*DATA TO USE*:

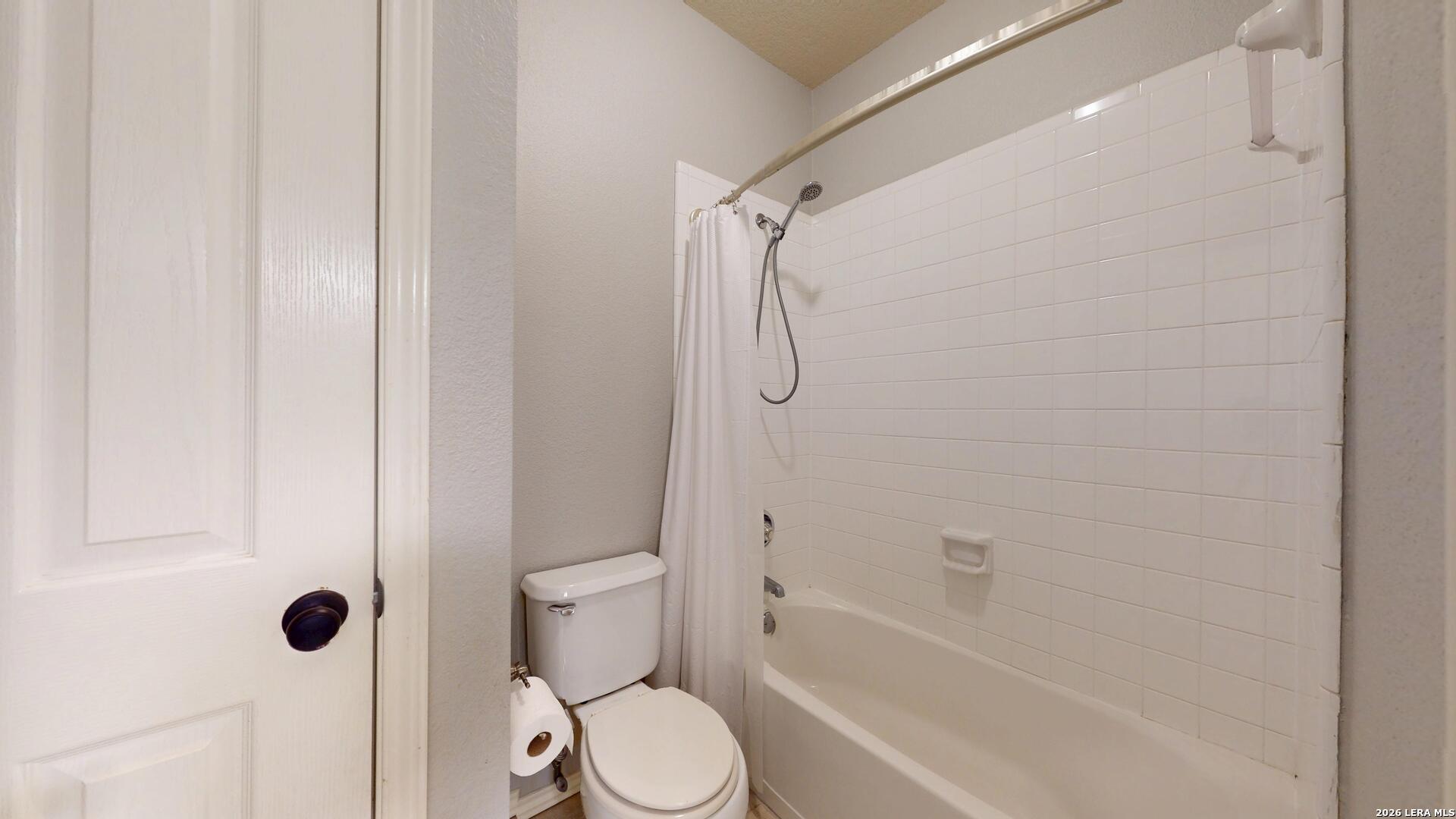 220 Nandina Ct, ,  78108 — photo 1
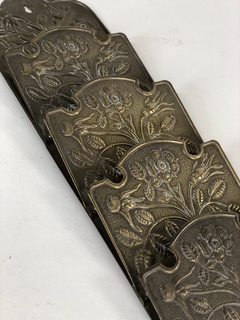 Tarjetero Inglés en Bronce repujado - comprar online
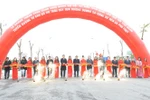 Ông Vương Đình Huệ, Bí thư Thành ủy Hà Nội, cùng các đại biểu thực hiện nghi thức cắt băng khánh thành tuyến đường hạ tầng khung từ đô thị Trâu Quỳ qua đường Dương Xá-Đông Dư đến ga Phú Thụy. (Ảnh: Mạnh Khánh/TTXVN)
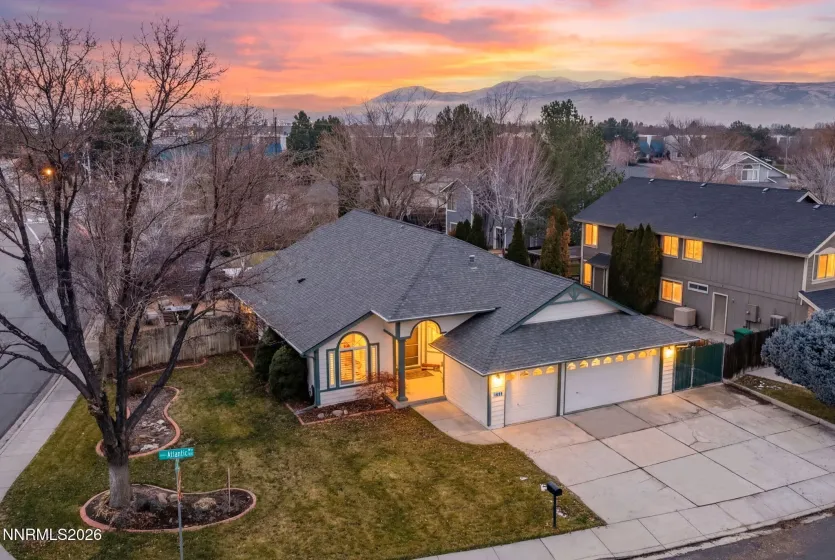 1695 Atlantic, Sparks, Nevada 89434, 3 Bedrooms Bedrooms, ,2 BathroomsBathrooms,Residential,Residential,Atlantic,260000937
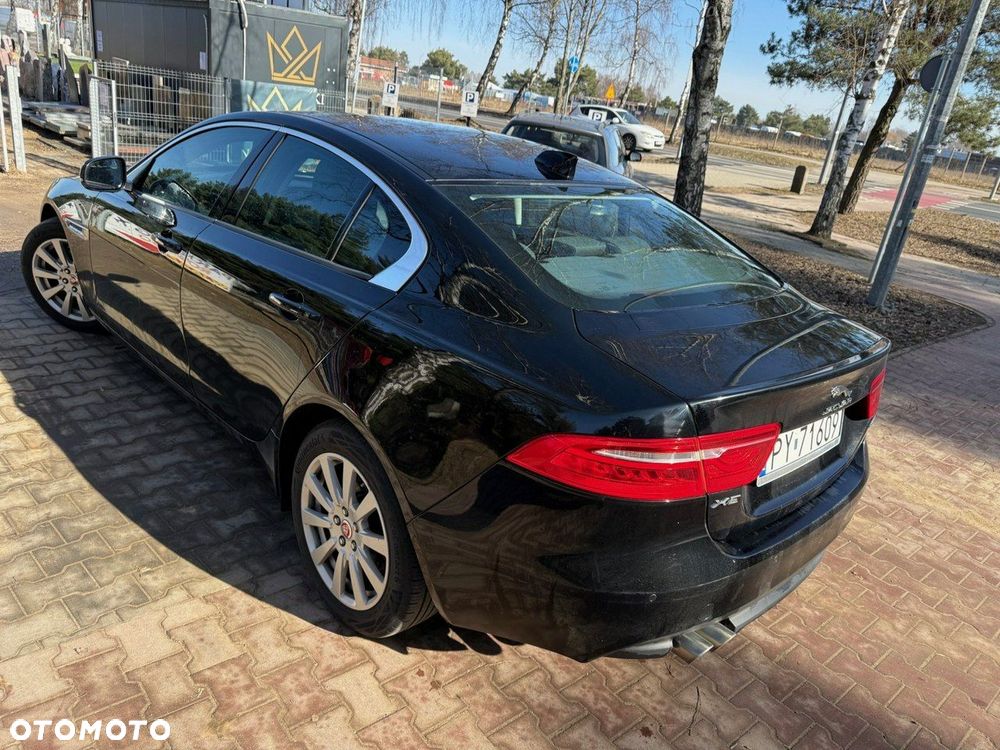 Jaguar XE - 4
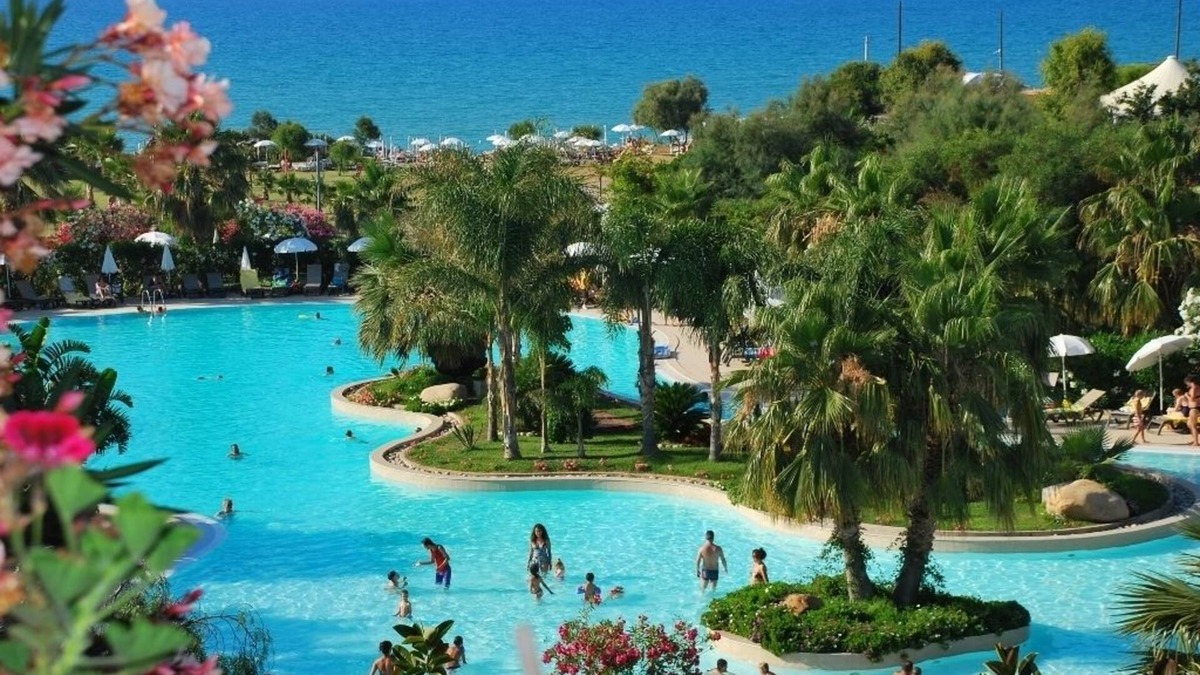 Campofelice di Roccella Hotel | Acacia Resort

*PROBLEM*: Without changing a word, restate the listing above; the pictures stay out.

*ANSWER SPACE*:
 220 Nandina Ct, ,  78108 — photo 1
 Tarjetero Inglés en Bronce repujado - comprar online
 Ông Vương Đình Huệ, Bí thư Thành ủy Hà Nội, cùng các đại biểu thực hiện nghi thức cắt băng khánh thành tuyến đường hạ tầng khung từ đô thị Trâu Quỳ qua đường Dương Xá-Đông Dư đến ga Phú Thụy. (Ảnh: Mạnh Khánh/TTXVN)
 1695 Atlantic, Sparks, Nevada 89434, 3 Bedrooms Bedrooms, ,2 BathroomsBathrooms,Residential,Residential,Atlantic,260000937
 Jaguar XE - 4
 Campofelice di Roccella Hotel | Acacia Resort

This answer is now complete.